Starting at the first line of the material below, retype each line exactly until you reach the line with "slow motion of", which is also included; pictures stay out.

*** Opening Information shown ***

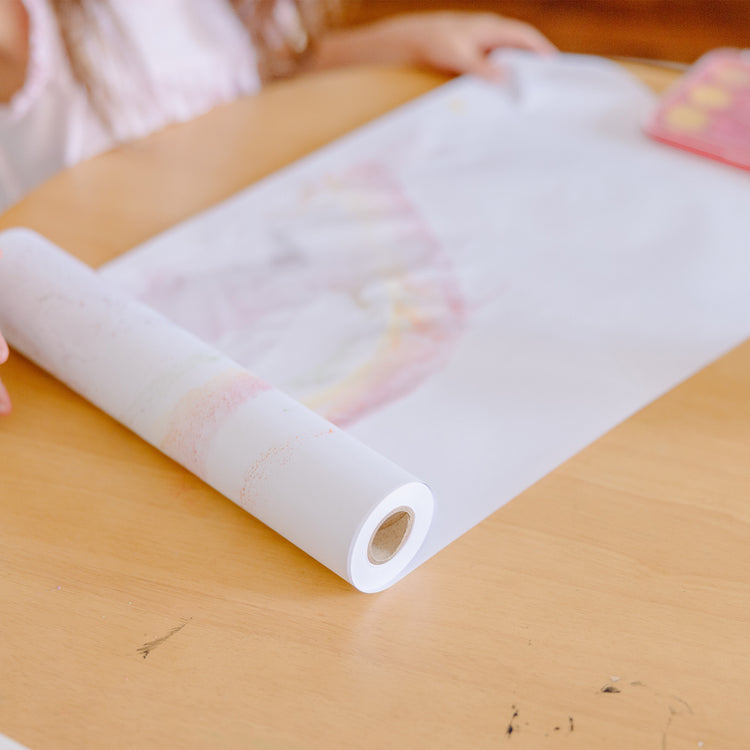 A kid playing with The Melissa & Doug Tabletop Easel Paper Roll (12 inches x 75 feet) - 2-Pack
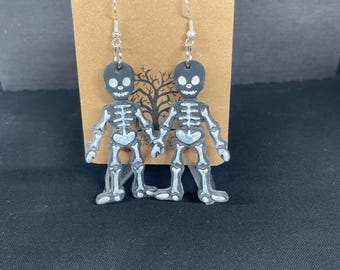 Puede incluir: Un par de pendientes de Halloween con figuras de esqueletos. Cada pendiente tiene una cabeza negra con rasgos faciales blancos y un cuerpo de esqueleto blanco. Los pendientes cuelgan de ganchos plateados y se exhiben en una tarjeta marrón.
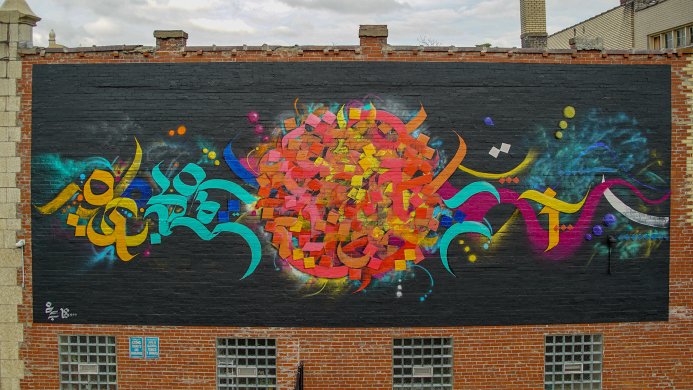 Calligraphic forms in bright shades of orange, turquoise, and magenta pop from a black background painted on a red brick façade. Abstracted from Arabic script, these coalesce in the center into a large, dense circle dominated by pink, red, and yellow forms.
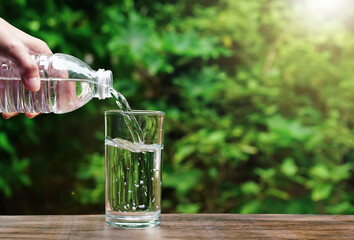 slow motion of pouring water from the bottle into a glass on wooden in nature on green background. Concept of environment protection, healthy drink.	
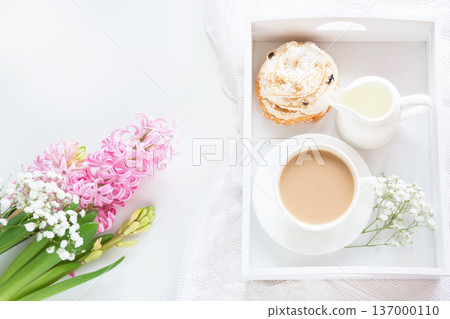 Spring morning breakfast, coffee, milk jug and cake with decor of pink hyacinth. Spring morning breakfast, coffee, milk jug and cake with decor of pink hyacinth. 137000110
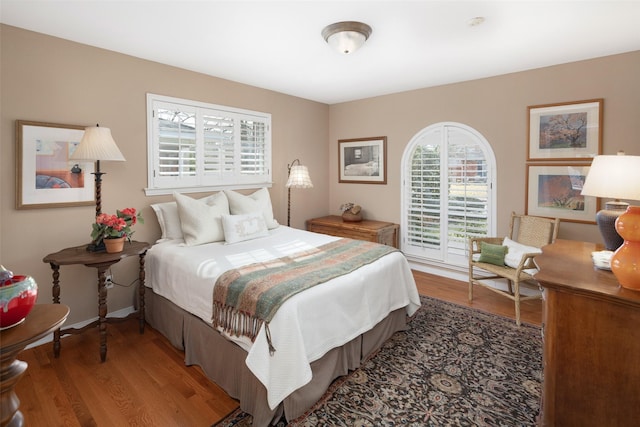 bedroom with wood finished floors
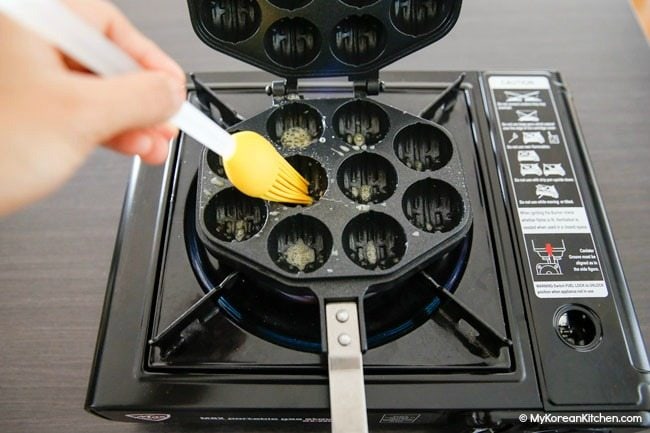 Brushing butter on walnut cake mold
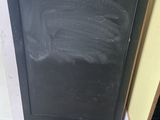a black chalkboard on the wall next to a blackboard
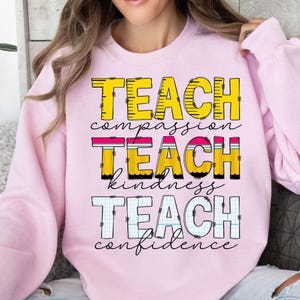 Puede incluir: Sudadera rosa con el texto "Enseñar compasión, Enseñar amabilidad, Enseñar confianza" en letras amarillas, rosas y blancas con un diseño de lápiz.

*** Closing Information shown ***

> _Output for this task_
 A kid playing with The Melissa & Doug Tabletop Easel Paper Roll (12 inches x 75 feet) - 2-Pack
 Puede incluir: Un par de pendientes de Halloween con figuras de esqueletos. Cada pendiente tiene una cabeza negra con rasgos faciales blancos y un cuerpo de esqueleto blanco. Los pendientes cuelgan de ganchos plateados y se exhiben en una tarjeta marrón.
 Calligraphic forms in bright shades of orange, turquoise, and magenta pop from a black background painted on a red brick façade. Abstracted from Arabic script, these coalesce in the center into a large, dense circle dominated by pink, red, and yellow forms.
 slow motion of pouring water from the bottle into a glass on wooden in nature on green background. Concept of environment protection, healthy drink.	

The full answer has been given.